Muris: Reebok is not traditional—traditional remedy is to
get all the money back. If Reebok is a fraud case, then the FTC did a miserable
job, because they got $25 million back.
It was more of a traditional substantiation case, and the FTC has
changed its standards. Not suggesting
that Reebok would be ok under traditional standards, but the FTC now seems to
be saying is that in the new kind of redress case, we’re not trying to get all
the money back, but there’s some premium ascribed to the ad, whereas
traditionally the products were either worthless or completely out of
proportion. These are completely
different than traditional substantiation cases. It will bedevil the commission if you have to
subtract the reasonable value of the product and just give the premium back.
Hippsley: with Reebok, that’s a settlement; when we settle,
we choose a rational number. (1) The FTC
would say that the campaign was premised on a deceptive claim: the fraud was in
the selling and it doesn’t matter if the shoe had value. (2) Another way to
look at it is to look at litigated cases. Once you establish liability and are
calculating redress/disgorgement, we do have cases that have attributed value
to the product and it hasn’t undone the whole thing: a rare coin case where the
coins were substantially overvalued; we took the real value and the premium,
and the 8th Circuit upheld that.
That doesn’t stop us from going after full value when the product was
worthless to the consumers who purchased it.

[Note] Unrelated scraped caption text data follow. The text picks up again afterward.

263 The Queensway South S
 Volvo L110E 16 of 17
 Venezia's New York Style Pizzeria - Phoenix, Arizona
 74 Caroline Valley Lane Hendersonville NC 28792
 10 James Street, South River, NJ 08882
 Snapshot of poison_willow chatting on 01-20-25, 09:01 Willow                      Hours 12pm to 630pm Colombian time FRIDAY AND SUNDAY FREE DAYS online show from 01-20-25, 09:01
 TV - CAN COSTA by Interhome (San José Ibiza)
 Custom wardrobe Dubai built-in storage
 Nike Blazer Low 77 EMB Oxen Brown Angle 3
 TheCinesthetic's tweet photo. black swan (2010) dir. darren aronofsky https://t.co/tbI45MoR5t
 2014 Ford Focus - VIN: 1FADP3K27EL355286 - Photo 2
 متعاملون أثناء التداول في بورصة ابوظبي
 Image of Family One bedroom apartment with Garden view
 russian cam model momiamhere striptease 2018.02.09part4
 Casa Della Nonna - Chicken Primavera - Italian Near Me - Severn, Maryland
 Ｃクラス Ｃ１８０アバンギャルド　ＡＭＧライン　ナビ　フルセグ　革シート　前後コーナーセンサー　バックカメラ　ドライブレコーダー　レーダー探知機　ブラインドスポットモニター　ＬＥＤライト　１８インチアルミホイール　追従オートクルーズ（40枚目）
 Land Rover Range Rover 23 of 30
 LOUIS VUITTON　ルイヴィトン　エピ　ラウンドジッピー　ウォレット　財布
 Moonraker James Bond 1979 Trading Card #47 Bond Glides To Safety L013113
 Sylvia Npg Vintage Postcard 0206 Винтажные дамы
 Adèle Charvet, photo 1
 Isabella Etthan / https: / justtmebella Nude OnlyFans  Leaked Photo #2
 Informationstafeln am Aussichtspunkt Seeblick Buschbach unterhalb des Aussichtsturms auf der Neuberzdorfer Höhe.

Muris: if you took less than 10 cents on the dollar in
Reebok, what you’re saying is that we could get the full amount, and that’s a
hard argument to make to a judge.
Prediction: will instead argue for a premium, and that’s different.
Glynn: Freeze orders—directing defendants not to withdraw
funds. And FTC has also told the bank to
surrender property to the FTC within a certain number of days after the seizure
order is served. But orders are
generally just binding on defendants and those in active concert/participation
with them. But assuming a financial
institution isn’t in active concert with them—maybe holding money as security
for a loan or something like that—can they really be bound? Thinks it’s null & void to tell bank what
to do.
Hippsley: Traditionally, we serve the banks, and banks on
notice of order can’t allow defendants to drain their accounts or they’ll then
be in concert. Federal court can also
assert jurisdiction over the res.
Turnover should be to the court, not to the FTC. If the bank does have a claim against the
defendants, or the credit card company, it can intervene and sometimes does.